### About this exercise
Output each record below exactly as it stands, leaving out the pictures.

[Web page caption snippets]
════════

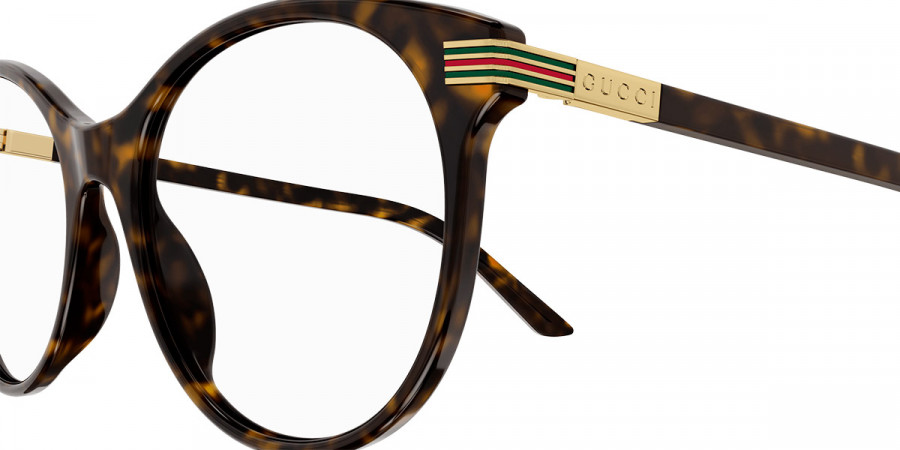 Gucci™ - GG1450O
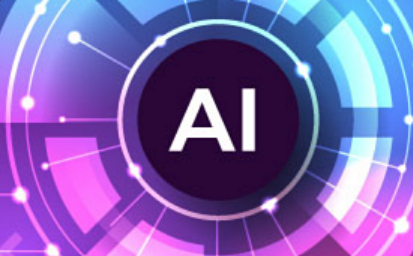 ��ý�w�Wվ���O��δ������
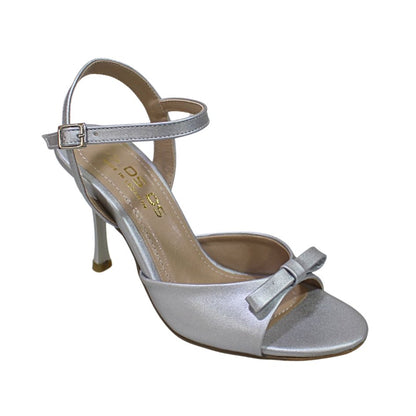 Heels Sandals | 5983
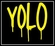 Yolo Download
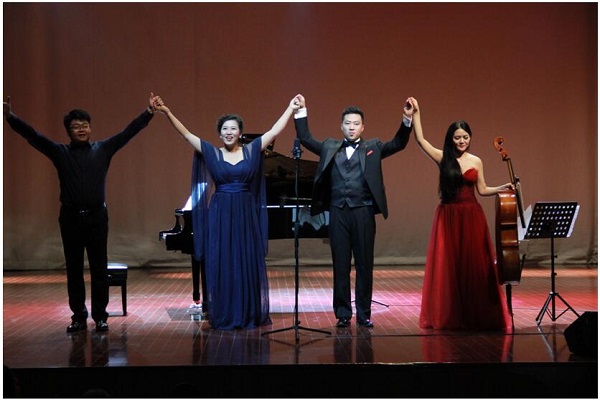 QQ圖片20160624091900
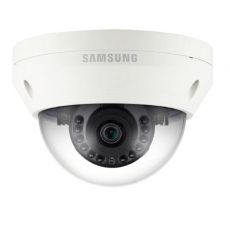Camera AHD Dome hồng ngoại SAMSUNG WISENET SCV-6023R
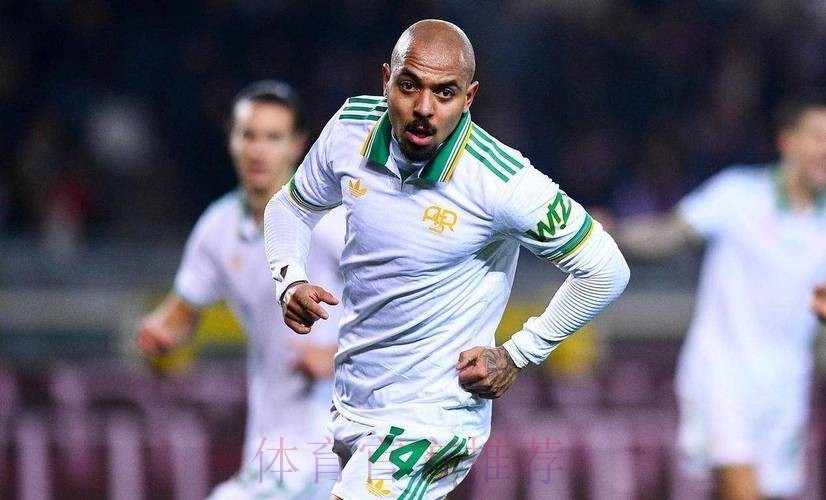 意甲-马伦首秀进球迪巴拉传射 罗马2-0都灵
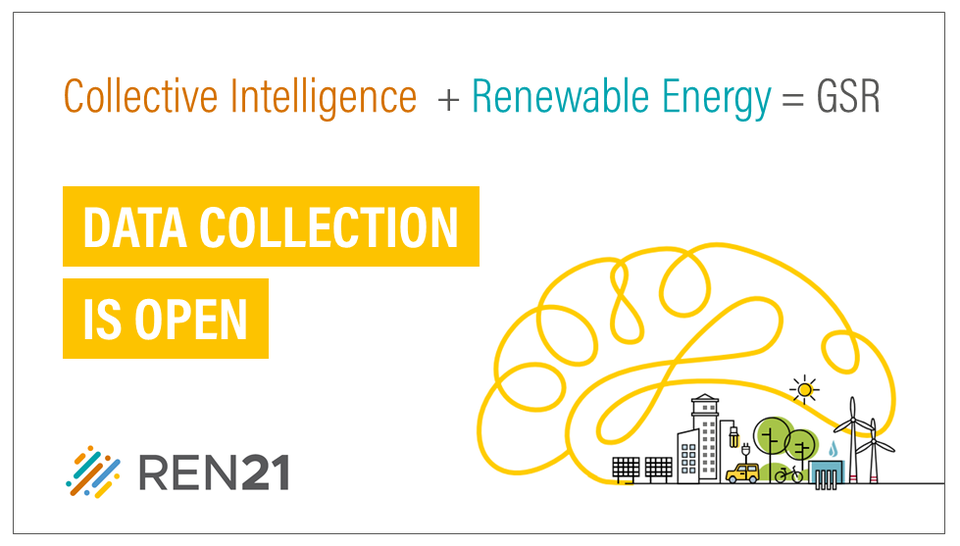 GSR-2021-Data-Collection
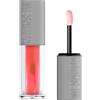 Mesauda LIPOILOGY Olio Labbra - 103 Ruby Fusion - all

════════

### Exercise answer
 Gucci™ - GG1450O
 ��ý�w�Wվ���O��δ������
 Heels Sandals | 5983
 Yolo Download
 QQ圖片20160624091900
Camera AHD Dome hồng ngoại SAMSUNG WISENET SCV-6023R
 意甲-马伦首秀进球迪巴拉传射 罗马2-0都灵
 GSR-2021-Data-Collection
 Mesauda LIPOILOGY Olio Labbra - 103 Ruby Fusion - all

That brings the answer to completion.